» **TASK DETAILS**
Repeat the data that follows exactly, starting at the line with "1080P USB 3.0" and ending at the line with "Compact black soda", and leave out every picture.

» **DATA**
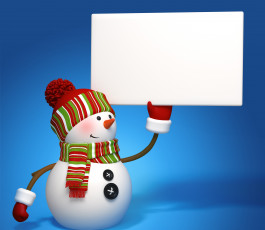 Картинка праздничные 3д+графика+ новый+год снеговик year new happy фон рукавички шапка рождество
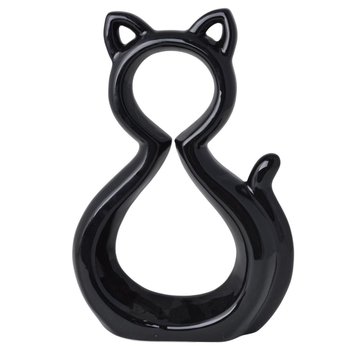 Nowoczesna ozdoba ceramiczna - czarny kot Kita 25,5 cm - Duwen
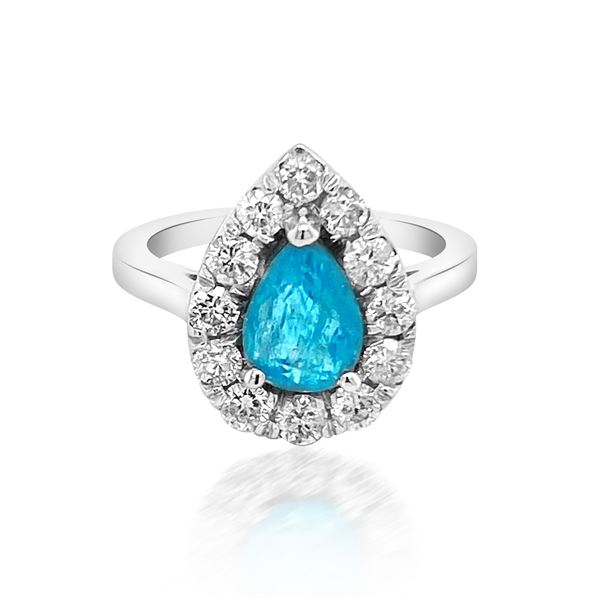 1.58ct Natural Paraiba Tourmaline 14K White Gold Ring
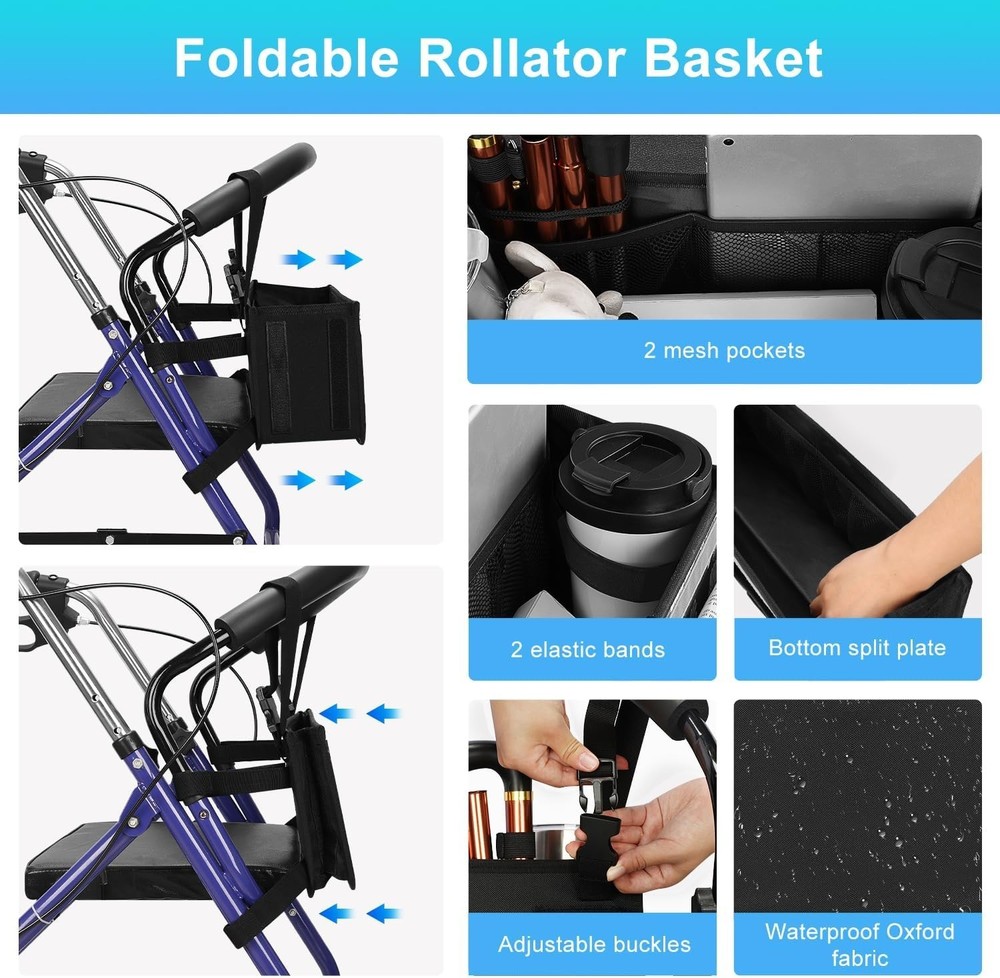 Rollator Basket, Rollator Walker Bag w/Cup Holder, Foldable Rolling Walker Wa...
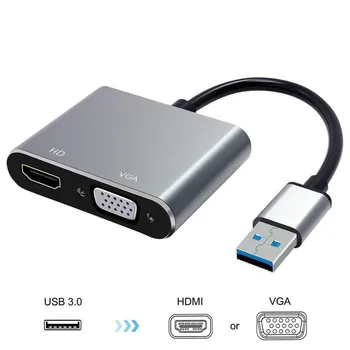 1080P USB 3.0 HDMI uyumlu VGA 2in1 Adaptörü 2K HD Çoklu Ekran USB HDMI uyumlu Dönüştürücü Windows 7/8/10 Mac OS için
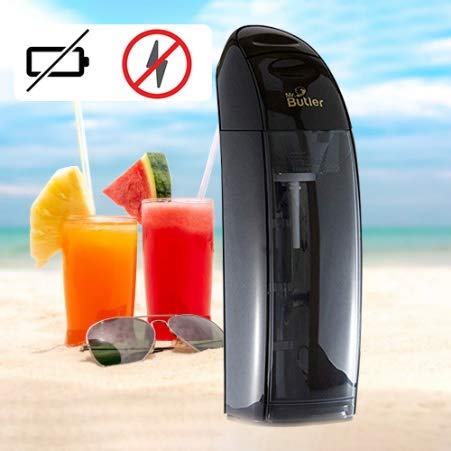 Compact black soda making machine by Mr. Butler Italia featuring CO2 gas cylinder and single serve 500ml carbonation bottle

--

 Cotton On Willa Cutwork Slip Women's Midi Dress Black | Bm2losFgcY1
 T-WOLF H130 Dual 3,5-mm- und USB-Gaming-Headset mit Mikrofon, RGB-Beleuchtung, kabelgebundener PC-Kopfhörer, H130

» **WORKED SOLUTION**
 1080P USB 3.0 HDMI uyumlu VGA 2in1 Adaptörü 2K HD Çoklu Ekran USB HDMI uyumlu Dönüştürücü Windows 7/8/10 Mac OS için
 Compact black soda making machine by Mr. Butler Italia featuring CO2 gas cylinder and single serve 500ml carbonation bottle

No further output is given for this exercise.